Salió de la bañera, eructó y se secó vigorosamente con una toalla del Pato Donald. «Una hora, no más», pensó para sí mientras cruzaba con sigilo la habitación, dejando huellas húmedas en el suelo de madera. Estaba cansado pero tenía que hacer algo de faena o se le atrasaría aún más. Desde el fondo de su dormitorio, apretó con brusquedad una larga secuencia de números en el mando a distancia. La pared de ladrillo desnudo que había ante él pareció disolverse cuando pulsó el último dígito.

Entró en lo que antaño había sido la carbonera. La pared más alejada estaba dominada por un holocubo que hacía empequeñecer el proyector de TV. Una consola con forma de herradura envolvía una enorme silla ergonómica diseñada para la fisionomía única de Jube. A lo largo de la cámara había máquinas, el propósito de algunas habría sido obvio para cualquier estudiante de secundaria, mientras que otras habrían desconcertado al mismísimo doctor Tachyon.

La oficina era austera pero cumplía su función a la perfección.
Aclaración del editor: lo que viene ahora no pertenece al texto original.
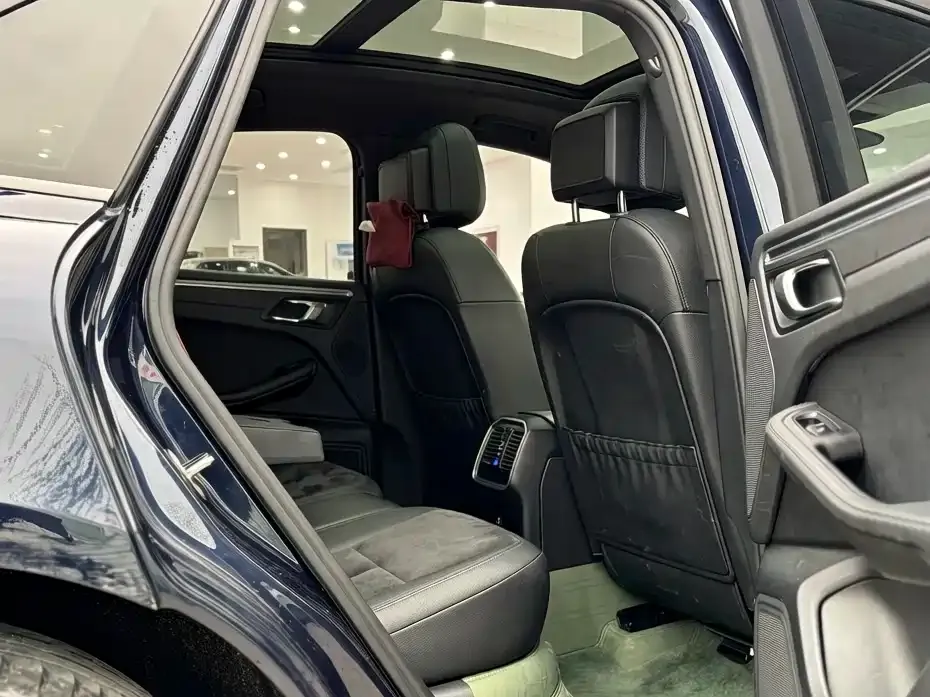 Porsche Macan 2021 из CN, фото 5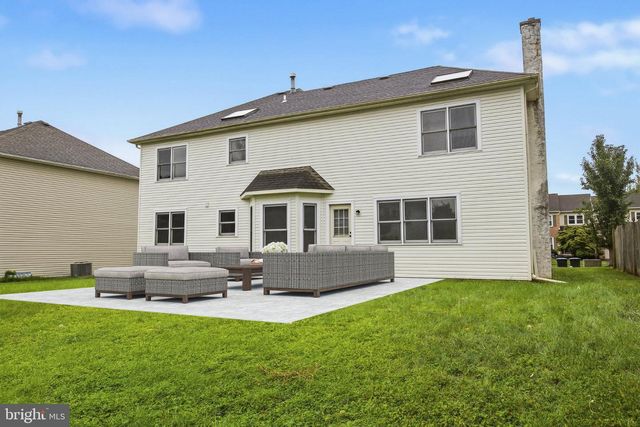 153 HUNSICKER DR, Collegeville, PA 19426
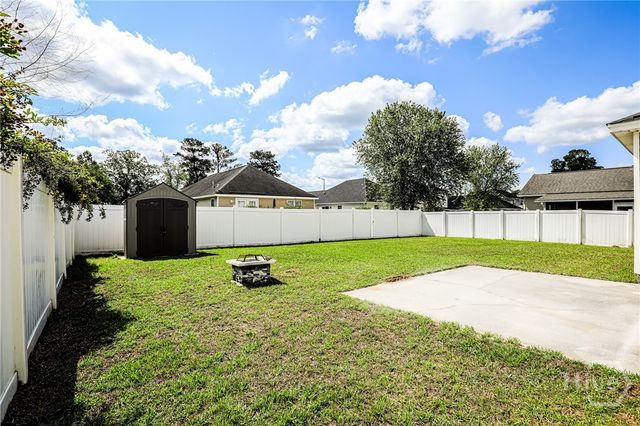 72 Rhett Lane, Richmond Hill, GA 31324
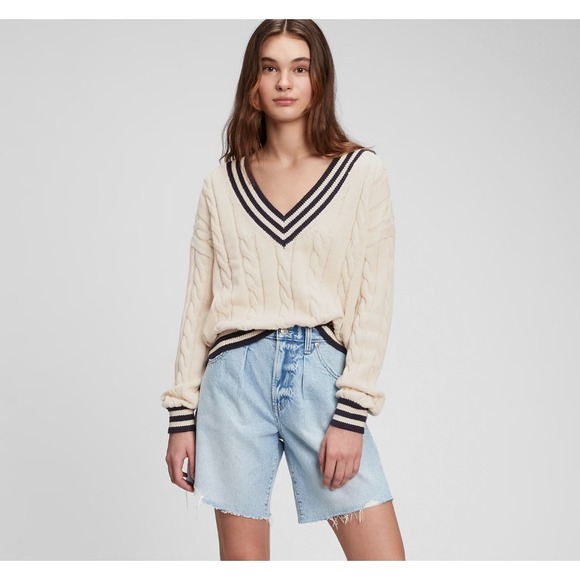 GAP Sweaters - GAP Cream Cable-Knit V-Neck Sweater with Black Trim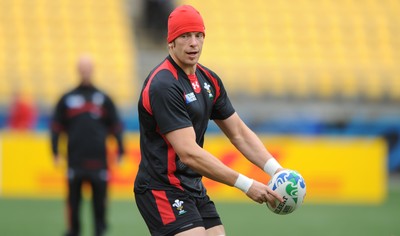 10.09.11 - Wales Rugby Captains Run - Alun Wyn Jones during training.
Jube se aposentó en la silla, encendió el alimentador de la célula de fusión y, de un estante que estaba junto a su codo, tomó una vara cristalina tan larga como el dedo rosáceo de un niño. Cuando la deslizó en la ranura apropiada de la consola, la grabadora se encendió en el interior y empezó a dictar sus últimas observaciones y conclusiones en un lenguaje que parecía una mezcla de música y cacofonía, con ladridos, silbidos, eructos y clics a partes iguales. Si el resto de sistemas de seguridad le fallaban alguna vez, su trabajo seguiría a salvo. Al fin y al cabo, no había ningún otro ser sentiente a menos de cuarenta años luz que hablara su lengua nativa.